Karatz was indicted last year on seven counts of mail fraud, five counts of wire fraud, three counts of securities fraud, four counts of making false statements in filings with the U.S. Securities and Exchange Commission and one count of lying to accountants. If convicted of all the charges, he faces a maximum sentence of 415 years in federal prison. In its March 2 trial memorandum, the government puts the profit motive up front. "Defendant was himself the principal beneficiary of this fraud, typically receiving between 250,000 to 600,000 stock options annually, which was roughly one-half of the total number of annual options awarded to KB's corporate officers," the memo states.

Barr, who represented Monster executive Treacy, said prosecutors pushed the profit motive in the case against his client. Treacy was alleged to have made more than $13 million in compensation from backdated options, a large chunk of the $23 million he received during his four years as an executive at the company.

"That was a big, big part of their case," Barr said. "Obviously, it was an important reason why they prevailed."

During Reyes' retrial last month, prosecutors told the judge that they plan to introduce -- for the first time -- evidence of options that the defendant personally received.

In the first trial of Reyes, prosecutors attempted to prove criminal intent by telling the jury that the finance department didn't know about the backdating -- a statement that landed the government in hot water before the 9th Circuit.

"The fact that prosecutors were pushed to make those representations to the jury indicates how important the prosecutors recognized they were to suggest there was evidence of mens rea," or a guilty state of mind, said Larry Ribstein, a professor at the University of Illinois College of Law.

Alleging personal profit also steers the government's case away from a debate about the accounting rule at issue, which has served as a common defense in many backdating cases, Barr said. In general, the accounting rule, referred to as Accounting Principles Board Opinion No. 25, required that companies disclose in public filings the expenses they incurred when granting options that were "in the money," or below the current market value. Option grants that were "at the money," meaning at the current share price, didn't need to be disclosed. In the KB Home indictment, the government avoided all mention of the accounting rule.

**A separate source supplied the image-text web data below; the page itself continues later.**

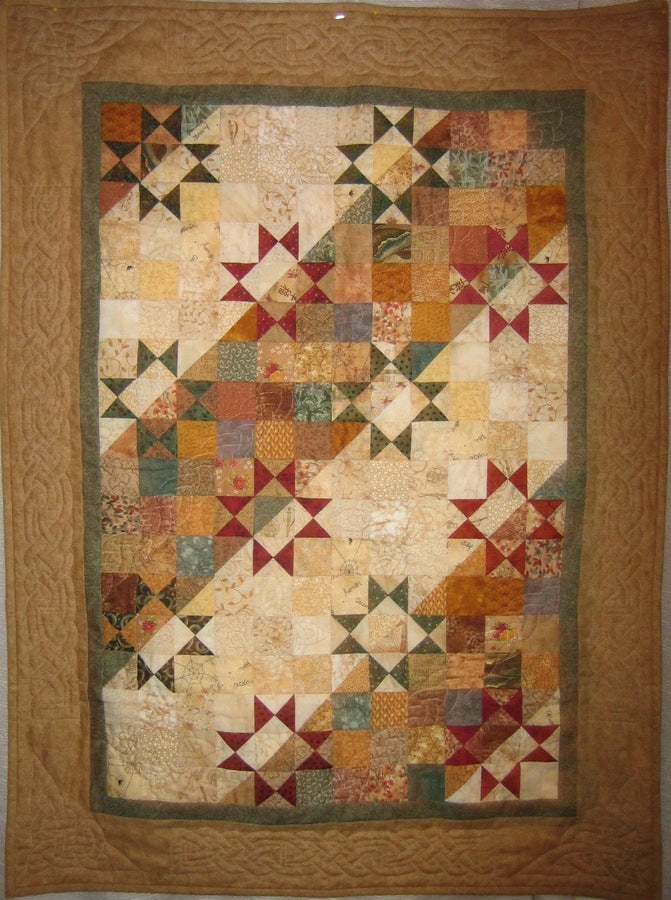 Asbj√∏rns Quilt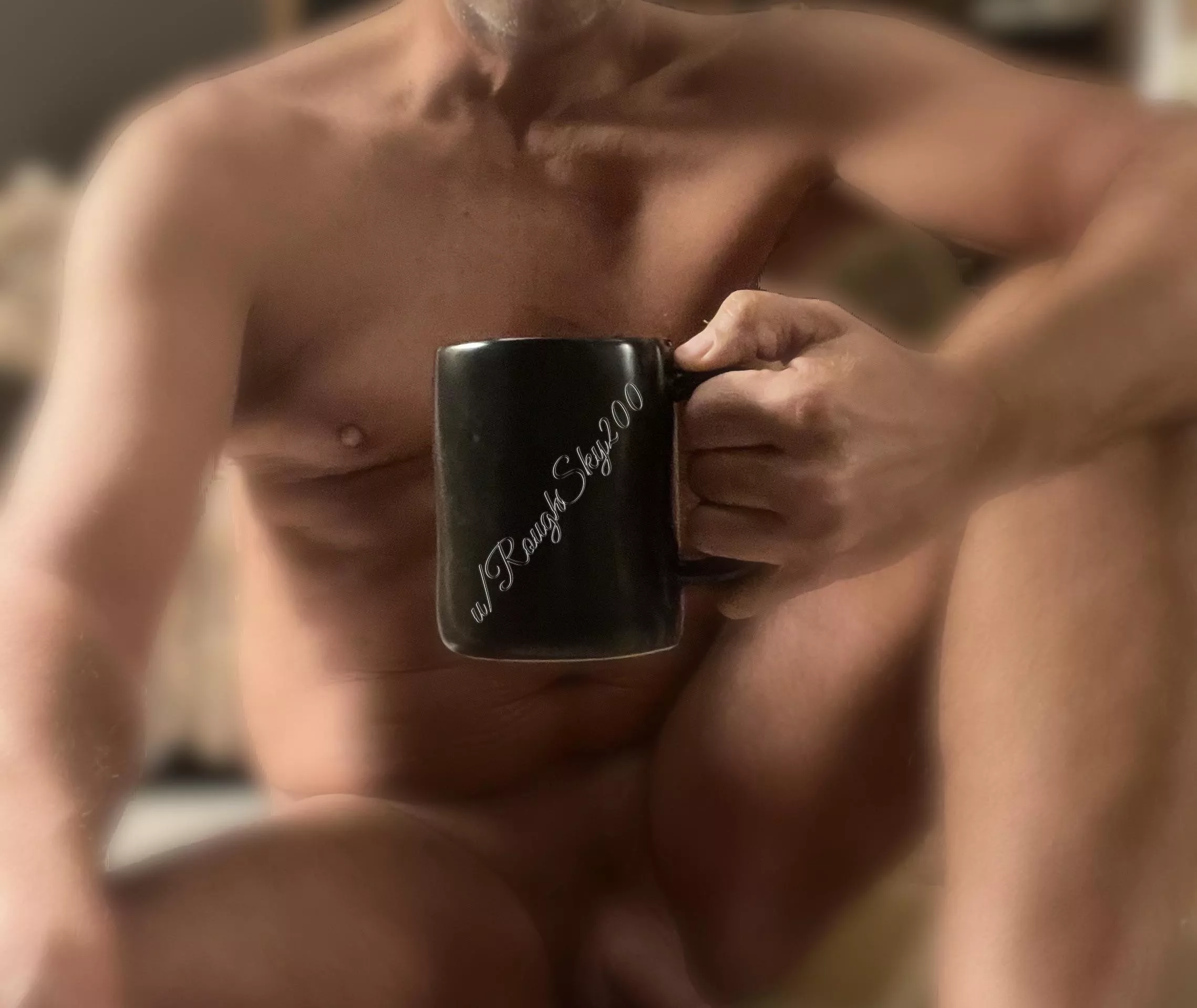 Saturday (m)orning, coffee and you. How could it get any better?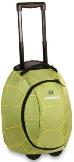 LittleLife Wheelie Luggage - Turtle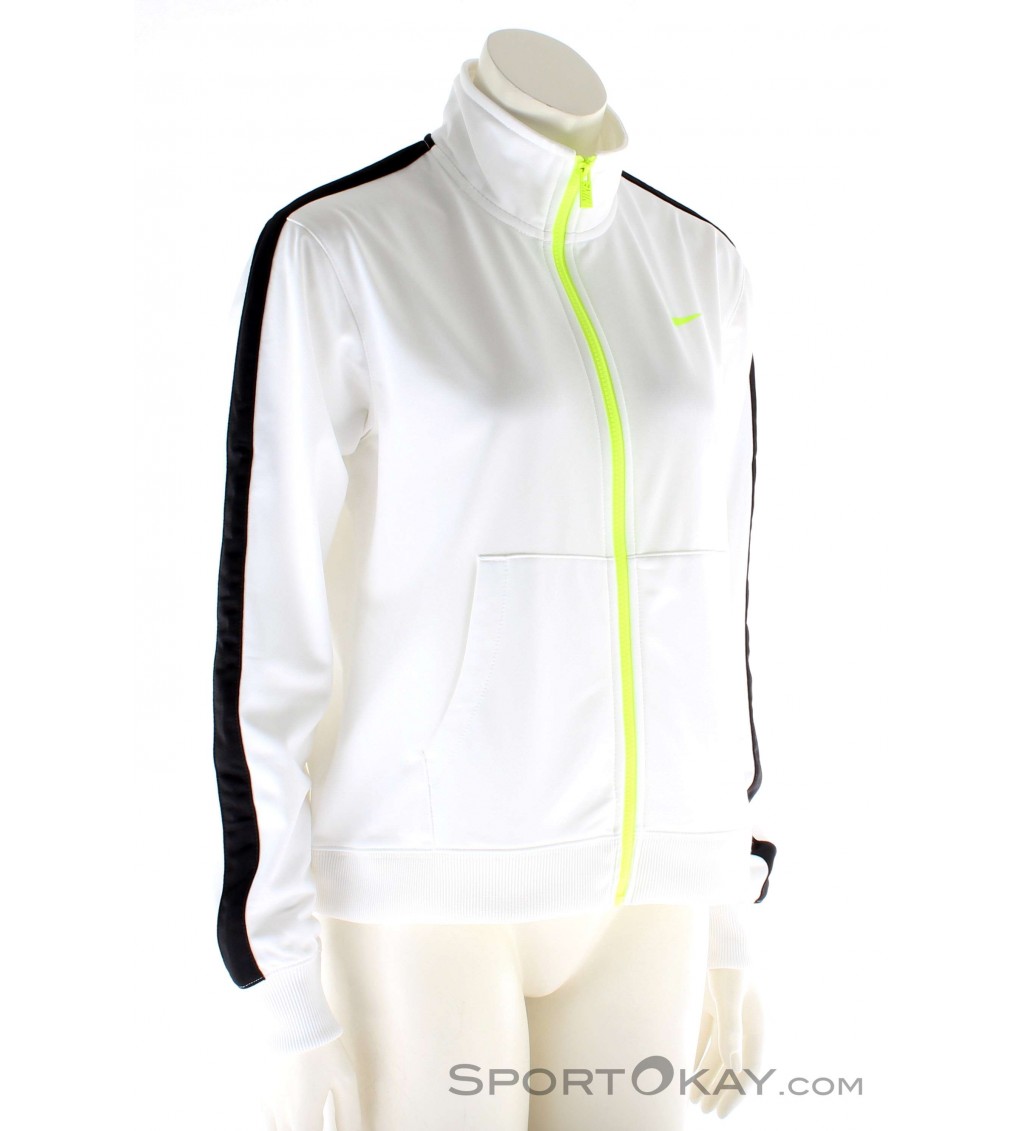 Nike poly tracksuit womens sales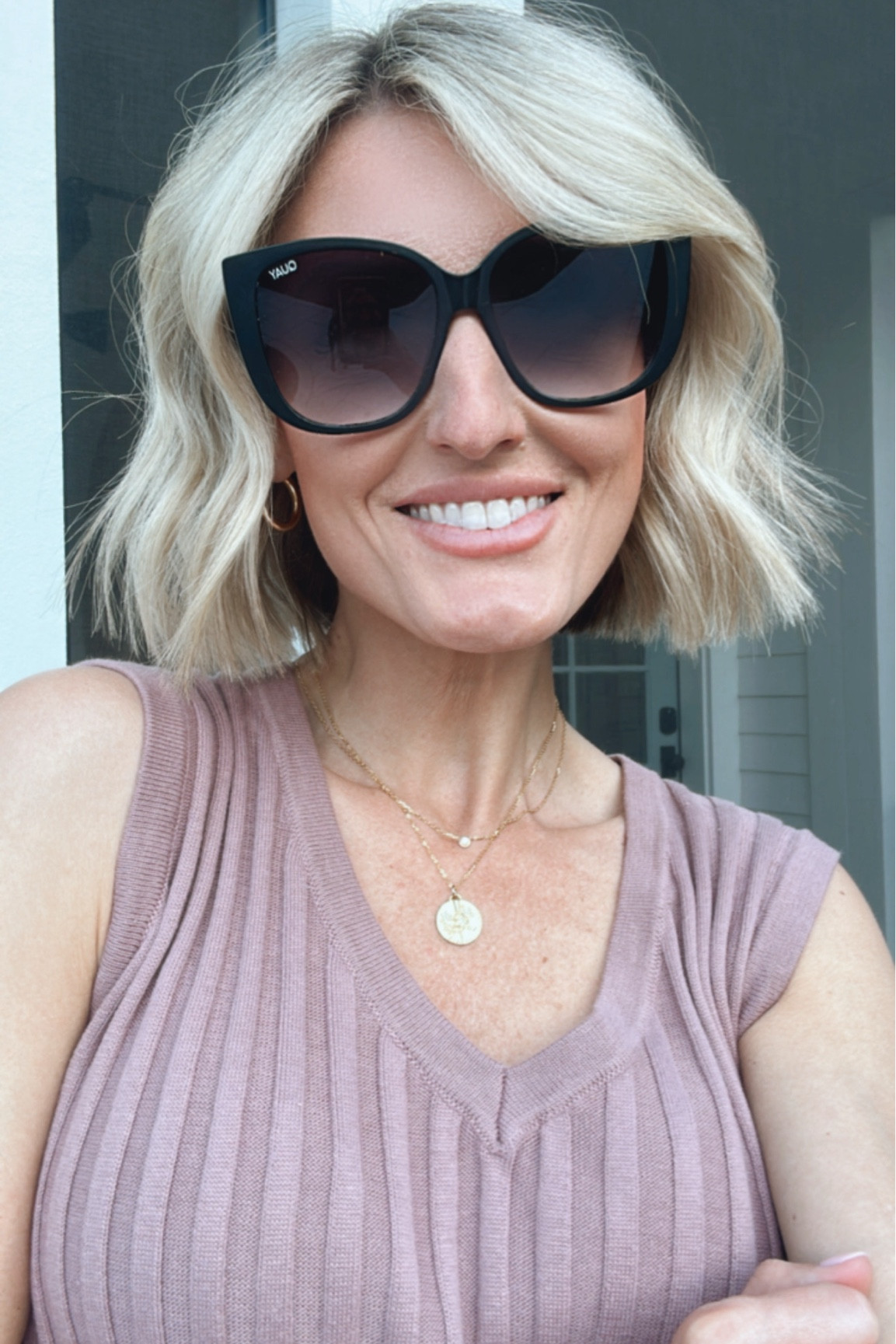 My favorite sunglasses are currently BOGO free 👏🏼

Loverly Grey, sunglasses

#LTKFindsUnder50 #LTKSaleAlert #LTKStyleTip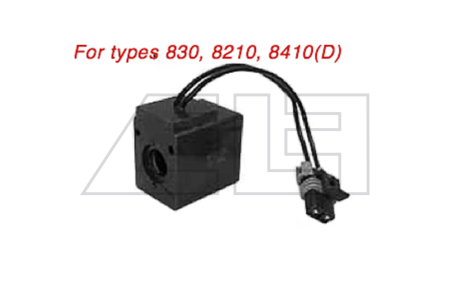 Solenoid coil - 11298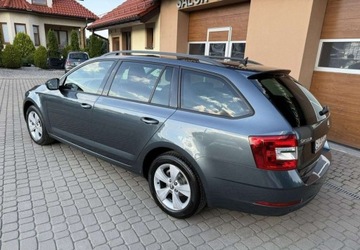 Skoda Octavia III Kombi Facelifting 1.6 TDI 115KM 2019 Skoda Octavia 1,6 TDI 116KM Klima Navi 2xPDC Serwis 1.6 Diesel 115KM, zdjęcie 9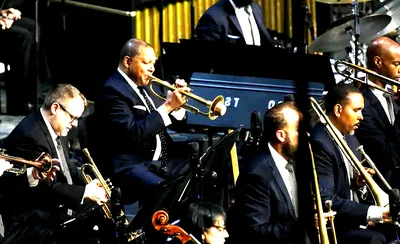 Wynton Marsalis’ All Rise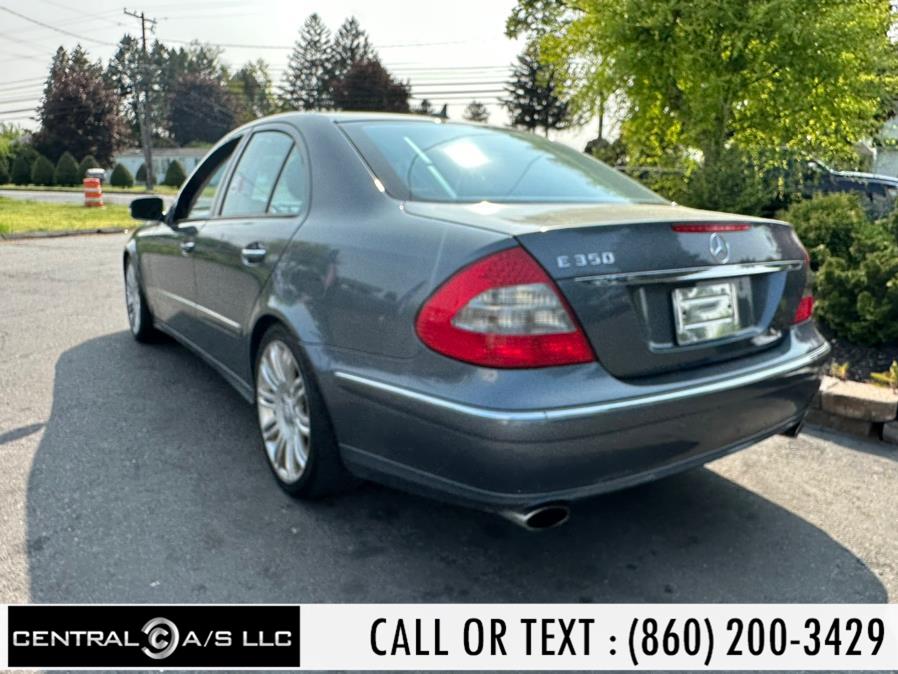 2008 Mercedes-Benz E-Class 4dr Sdn Luxury 3.5L RWD, available for sale in East Windsor, Connecticut | Central A/S LLC. East Windsor, Connecticut 2008 Mercedes-Benz E-Class 4dr Sdn Luxury 3.5L RWD, available for sale in East Windsor, Connecticut | Central A/S LLC. East Windsor, Connecticut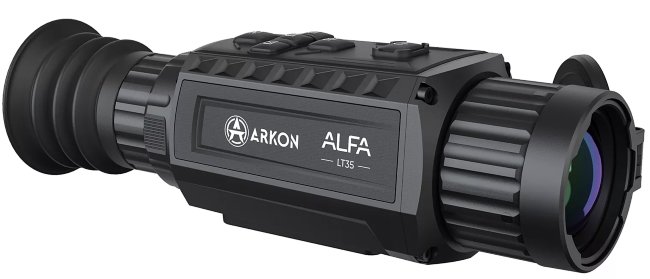 Тепловизионный прицел Arkon Alfa LT35 в Тюмени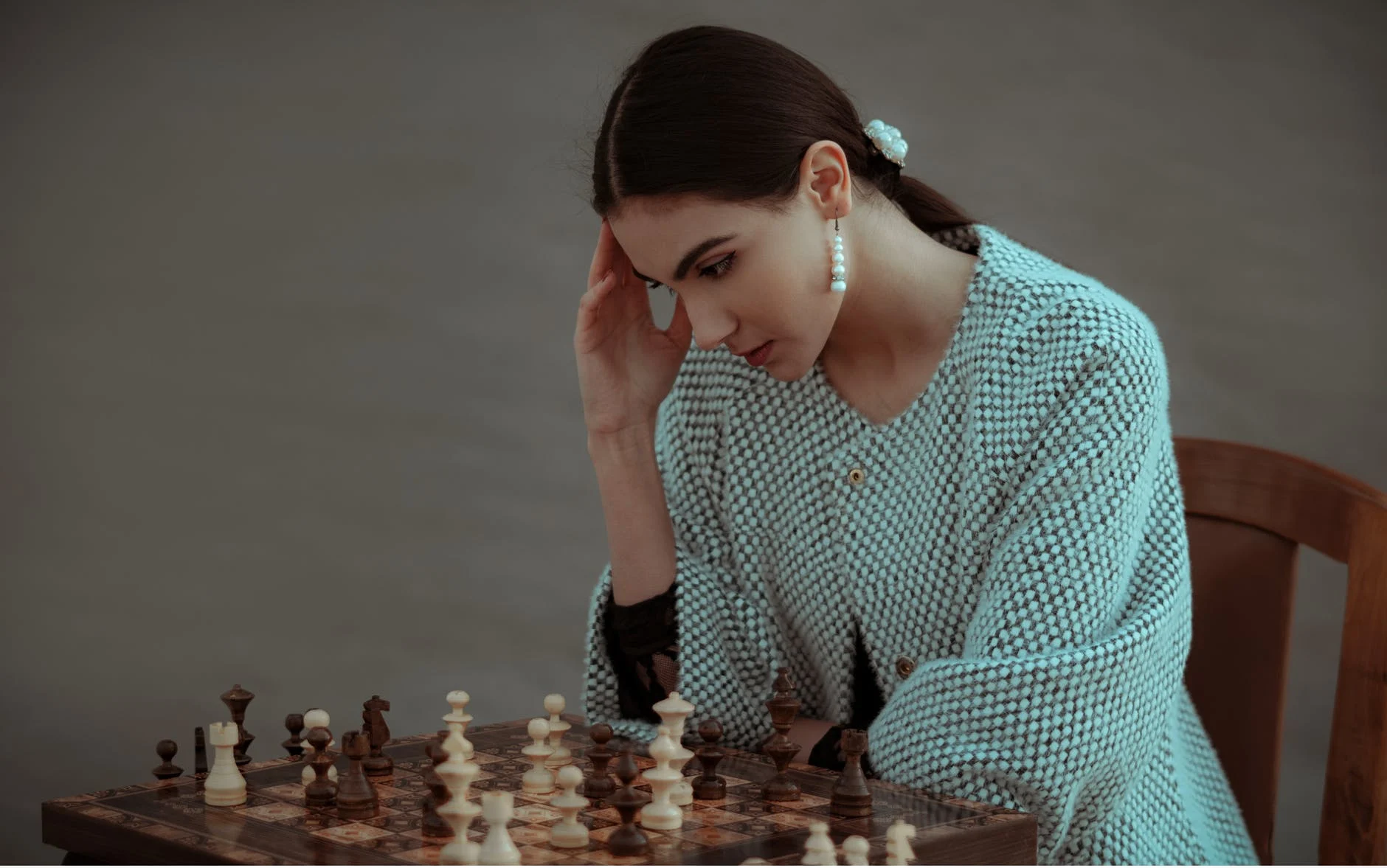 Xadrez e mulheres: o que há por trás do desequilíbrio de gênero? - Planeta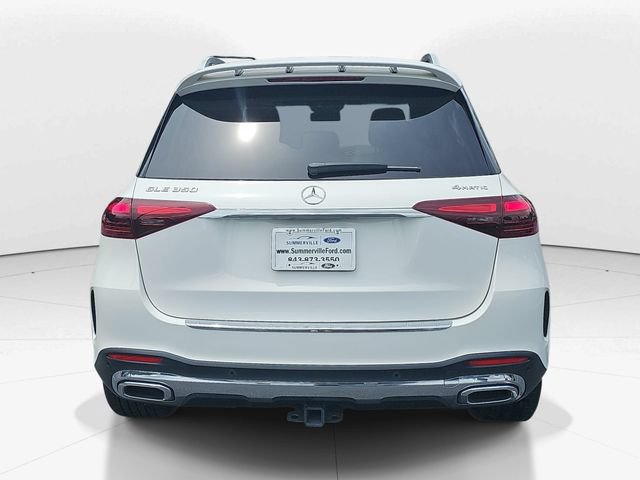 Used 2024 Mercedes-Benz GLE 350 4MATIC image 5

But prosecutors must still prove that the backdating was knowing and intentional, Barr said. In his trial memorandum, filed on March 3, Karatz said that the evidence in trial will show that he never thought he had committed a crime when he set grant dates. Instead, he and KB Home's former human resources chief, Gary Ray, who pleaded guilty to obstruction of justice and is serving as a government witness, "believed they were playing by the rules as they existed then. Ray thought the stock option process was proper and legal, as did Karatz, as did the legal staff who were informed of it, as did the accountants who looked at it." In the KB Home indictment, the government doesn't even specify the amount of compensation Karatz allegedly earned from the backdating, simply stating "millions."

And then there's the elephant in the room: prosecutorial misconduct. Last month, U.S. District Court Judge Otis Wright of the Central District of California rejected Keker's request to hold an evidentiary hearing regarding potential misconduct in the case. Keker had questioned the reliability of two government witnesses, drawing parallels to the Broadcom case. Wright denied the motion, calling Keker's argument "astonishing," given that he had no evidence beyond that "little matter in Santa Ana" to assert misconduct.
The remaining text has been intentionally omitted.